Scraped caption text data

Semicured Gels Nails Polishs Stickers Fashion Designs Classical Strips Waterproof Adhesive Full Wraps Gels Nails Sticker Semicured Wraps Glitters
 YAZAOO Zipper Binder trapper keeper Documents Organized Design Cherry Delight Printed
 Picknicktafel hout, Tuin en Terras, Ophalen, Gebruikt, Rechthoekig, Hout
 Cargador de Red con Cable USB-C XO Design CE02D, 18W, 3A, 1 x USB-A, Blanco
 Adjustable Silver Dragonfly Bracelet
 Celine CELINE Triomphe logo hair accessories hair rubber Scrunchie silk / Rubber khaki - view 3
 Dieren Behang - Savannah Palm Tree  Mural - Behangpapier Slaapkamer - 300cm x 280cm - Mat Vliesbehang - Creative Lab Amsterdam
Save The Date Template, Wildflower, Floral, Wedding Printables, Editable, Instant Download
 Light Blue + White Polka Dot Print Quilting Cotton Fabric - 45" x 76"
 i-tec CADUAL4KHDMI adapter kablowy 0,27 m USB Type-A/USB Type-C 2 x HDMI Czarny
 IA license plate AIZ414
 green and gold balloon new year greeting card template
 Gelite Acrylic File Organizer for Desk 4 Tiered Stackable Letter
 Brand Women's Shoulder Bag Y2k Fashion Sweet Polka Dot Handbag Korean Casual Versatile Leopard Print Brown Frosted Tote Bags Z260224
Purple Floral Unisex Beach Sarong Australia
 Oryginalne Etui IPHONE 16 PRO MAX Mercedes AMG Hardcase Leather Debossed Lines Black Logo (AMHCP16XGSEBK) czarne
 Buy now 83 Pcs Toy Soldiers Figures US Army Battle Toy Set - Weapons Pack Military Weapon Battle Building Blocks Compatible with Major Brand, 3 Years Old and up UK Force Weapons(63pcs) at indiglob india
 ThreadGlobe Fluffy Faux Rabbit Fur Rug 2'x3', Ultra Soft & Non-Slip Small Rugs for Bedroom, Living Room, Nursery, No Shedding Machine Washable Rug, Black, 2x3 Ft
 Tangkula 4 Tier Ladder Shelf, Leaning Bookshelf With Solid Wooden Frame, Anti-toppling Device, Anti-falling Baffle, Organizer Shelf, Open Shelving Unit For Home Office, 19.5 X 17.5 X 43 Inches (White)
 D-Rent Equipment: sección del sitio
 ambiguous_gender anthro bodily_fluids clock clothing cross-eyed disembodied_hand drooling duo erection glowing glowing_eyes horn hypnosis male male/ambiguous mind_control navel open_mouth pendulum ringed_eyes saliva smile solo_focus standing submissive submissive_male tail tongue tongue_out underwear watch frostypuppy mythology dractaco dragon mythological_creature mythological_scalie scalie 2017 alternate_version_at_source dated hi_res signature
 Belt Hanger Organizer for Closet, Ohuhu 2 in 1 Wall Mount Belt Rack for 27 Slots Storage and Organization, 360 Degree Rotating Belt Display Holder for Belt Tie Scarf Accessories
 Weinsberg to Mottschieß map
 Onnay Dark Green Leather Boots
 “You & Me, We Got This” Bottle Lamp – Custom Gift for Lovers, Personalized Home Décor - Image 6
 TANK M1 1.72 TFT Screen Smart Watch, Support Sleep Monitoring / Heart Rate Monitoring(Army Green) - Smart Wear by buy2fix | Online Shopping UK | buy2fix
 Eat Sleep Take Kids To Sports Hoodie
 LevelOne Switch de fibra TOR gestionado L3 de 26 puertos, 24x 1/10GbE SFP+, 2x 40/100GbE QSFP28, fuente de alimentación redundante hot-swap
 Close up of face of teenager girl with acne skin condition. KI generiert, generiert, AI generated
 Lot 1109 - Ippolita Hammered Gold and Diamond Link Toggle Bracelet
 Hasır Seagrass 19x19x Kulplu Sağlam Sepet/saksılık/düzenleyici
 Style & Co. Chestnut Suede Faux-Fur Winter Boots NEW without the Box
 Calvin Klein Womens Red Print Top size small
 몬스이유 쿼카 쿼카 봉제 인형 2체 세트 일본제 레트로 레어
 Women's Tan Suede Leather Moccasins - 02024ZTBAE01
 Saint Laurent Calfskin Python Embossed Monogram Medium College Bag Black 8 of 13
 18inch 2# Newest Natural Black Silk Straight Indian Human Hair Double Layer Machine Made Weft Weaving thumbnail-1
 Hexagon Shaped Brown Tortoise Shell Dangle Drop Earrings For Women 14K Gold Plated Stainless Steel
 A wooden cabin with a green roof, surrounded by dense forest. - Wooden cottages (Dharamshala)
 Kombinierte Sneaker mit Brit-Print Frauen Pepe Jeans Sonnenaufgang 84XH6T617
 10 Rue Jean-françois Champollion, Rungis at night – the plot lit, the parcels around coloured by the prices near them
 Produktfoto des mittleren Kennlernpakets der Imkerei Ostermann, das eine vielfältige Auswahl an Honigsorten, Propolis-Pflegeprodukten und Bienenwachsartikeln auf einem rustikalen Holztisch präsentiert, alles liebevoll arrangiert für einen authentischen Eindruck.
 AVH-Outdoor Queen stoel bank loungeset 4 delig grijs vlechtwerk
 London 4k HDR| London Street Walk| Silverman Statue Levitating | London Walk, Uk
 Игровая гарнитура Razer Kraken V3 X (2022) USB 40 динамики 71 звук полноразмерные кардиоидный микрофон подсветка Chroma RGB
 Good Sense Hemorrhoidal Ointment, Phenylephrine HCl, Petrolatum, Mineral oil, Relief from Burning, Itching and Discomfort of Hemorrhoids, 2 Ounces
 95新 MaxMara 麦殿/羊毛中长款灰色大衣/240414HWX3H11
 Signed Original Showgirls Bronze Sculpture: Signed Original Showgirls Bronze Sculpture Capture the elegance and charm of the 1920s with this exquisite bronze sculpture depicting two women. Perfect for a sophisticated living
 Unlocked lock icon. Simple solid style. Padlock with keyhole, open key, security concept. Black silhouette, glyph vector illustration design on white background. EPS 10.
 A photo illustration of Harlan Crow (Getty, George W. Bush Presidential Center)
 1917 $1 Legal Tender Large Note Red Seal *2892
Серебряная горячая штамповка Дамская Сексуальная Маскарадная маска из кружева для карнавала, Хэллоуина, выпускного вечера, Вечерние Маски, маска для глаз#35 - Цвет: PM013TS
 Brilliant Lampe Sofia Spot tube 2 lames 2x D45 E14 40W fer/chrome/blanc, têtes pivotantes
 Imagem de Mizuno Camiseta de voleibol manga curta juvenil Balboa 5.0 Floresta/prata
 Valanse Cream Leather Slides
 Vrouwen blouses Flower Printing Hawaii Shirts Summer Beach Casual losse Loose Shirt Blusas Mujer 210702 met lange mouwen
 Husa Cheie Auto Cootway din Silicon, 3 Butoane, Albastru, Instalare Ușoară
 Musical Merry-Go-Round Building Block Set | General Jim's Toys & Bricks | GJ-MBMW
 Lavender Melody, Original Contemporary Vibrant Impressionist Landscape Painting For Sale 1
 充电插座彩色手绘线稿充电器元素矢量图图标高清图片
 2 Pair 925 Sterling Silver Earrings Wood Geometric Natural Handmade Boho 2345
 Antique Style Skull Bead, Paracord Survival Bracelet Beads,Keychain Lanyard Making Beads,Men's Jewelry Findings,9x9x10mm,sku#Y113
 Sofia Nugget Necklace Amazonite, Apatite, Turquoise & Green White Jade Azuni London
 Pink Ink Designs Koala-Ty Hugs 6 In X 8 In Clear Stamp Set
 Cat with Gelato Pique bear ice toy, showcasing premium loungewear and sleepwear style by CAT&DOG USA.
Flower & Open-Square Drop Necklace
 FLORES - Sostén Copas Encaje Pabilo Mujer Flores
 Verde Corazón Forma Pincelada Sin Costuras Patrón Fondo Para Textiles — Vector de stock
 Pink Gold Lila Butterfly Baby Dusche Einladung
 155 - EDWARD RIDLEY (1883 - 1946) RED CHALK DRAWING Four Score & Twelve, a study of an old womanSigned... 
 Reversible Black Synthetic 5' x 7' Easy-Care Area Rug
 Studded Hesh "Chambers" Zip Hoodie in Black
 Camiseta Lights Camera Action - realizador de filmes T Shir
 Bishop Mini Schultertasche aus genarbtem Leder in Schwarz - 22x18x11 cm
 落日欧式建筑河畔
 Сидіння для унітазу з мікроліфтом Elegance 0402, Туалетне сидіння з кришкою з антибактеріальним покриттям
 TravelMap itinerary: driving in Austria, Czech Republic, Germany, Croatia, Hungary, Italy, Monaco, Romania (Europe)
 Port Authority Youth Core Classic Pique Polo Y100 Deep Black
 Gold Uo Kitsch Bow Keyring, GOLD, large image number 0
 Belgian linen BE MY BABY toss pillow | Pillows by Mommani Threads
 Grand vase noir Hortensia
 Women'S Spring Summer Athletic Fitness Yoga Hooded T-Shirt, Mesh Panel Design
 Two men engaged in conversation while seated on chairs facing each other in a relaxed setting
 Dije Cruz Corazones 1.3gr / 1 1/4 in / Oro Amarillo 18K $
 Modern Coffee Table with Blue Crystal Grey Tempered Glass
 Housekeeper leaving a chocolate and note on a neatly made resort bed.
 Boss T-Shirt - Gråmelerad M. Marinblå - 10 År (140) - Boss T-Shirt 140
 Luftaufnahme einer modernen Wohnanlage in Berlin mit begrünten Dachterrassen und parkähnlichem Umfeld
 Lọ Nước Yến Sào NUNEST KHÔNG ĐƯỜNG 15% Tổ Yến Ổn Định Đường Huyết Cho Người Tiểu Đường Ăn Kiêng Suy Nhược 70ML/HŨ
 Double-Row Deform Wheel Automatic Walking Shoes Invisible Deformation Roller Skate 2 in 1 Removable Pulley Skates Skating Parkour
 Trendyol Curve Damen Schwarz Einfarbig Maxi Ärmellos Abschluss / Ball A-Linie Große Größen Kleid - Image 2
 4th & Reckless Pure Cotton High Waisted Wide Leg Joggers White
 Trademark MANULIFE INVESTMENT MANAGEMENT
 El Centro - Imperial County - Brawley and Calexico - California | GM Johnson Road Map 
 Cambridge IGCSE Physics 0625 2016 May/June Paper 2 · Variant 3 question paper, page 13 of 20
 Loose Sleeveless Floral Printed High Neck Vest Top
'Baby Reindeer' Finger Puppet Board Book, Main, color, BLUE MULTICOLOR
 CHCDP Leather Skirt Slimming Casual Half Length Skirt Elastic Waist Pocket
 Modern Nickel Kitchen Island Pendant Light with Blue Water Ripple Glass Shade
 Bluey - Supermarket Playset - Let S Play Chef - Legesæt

• [WHAT THE TASK REQUIRES] Your answer should be the exact lines above from the one with "Valanse Cream Leather Slides" through the one with "FLORES - Sostén", both included, and nothing besides.

• [ANSWER TO THIS PROBLEM]
 Valanse Cream Leather Slides
 Vrouwen blouses Flower Printing Hawaii Shirts Summer Beach Casual losse Loose Shirt Blusas Mujer 210702 met lange mouwen
 Husa Cheie Auto Cootway din Silicon, 3 Butoane, Albastru, Instalare Ușoară
 Musical Merry-Go-Round Building Block Set | General Jim's Toys & Bricks | GJ-MBMW
 Lavender Melody, Original Contemporary Vibrant Impressionist Landscape Painting For Sale 1
 充电插座彩色手绘线稿充电器元素矢量图图标高清图片
 2 Pair 925 Sterling Silver Earrings Wood Geometric Natural Handmade Boho 2345
 Antique Style Skull Bead, Paracord Survival Bracelet Beads,Keychain Lanyard Making Beads,Men's Jewelry Findings,9x9x10mm,sku#Y113
 Sofia Nugget Necklace Amazonite, Apatite, Turquoise & Green White Jade Azuni London
 Pink Ink Designs Koala-Ty Hugs 6 In X 8 In Clear Stamp Set
 Cat with Gelato Pique bear ice toy, showcasing premium loungewear and sleepwear style by CAT&DOG USA.
Flower & Open-Square Drop Necklace
 FLORES - Sostén Copas Encaje Pabilo Mujer Flores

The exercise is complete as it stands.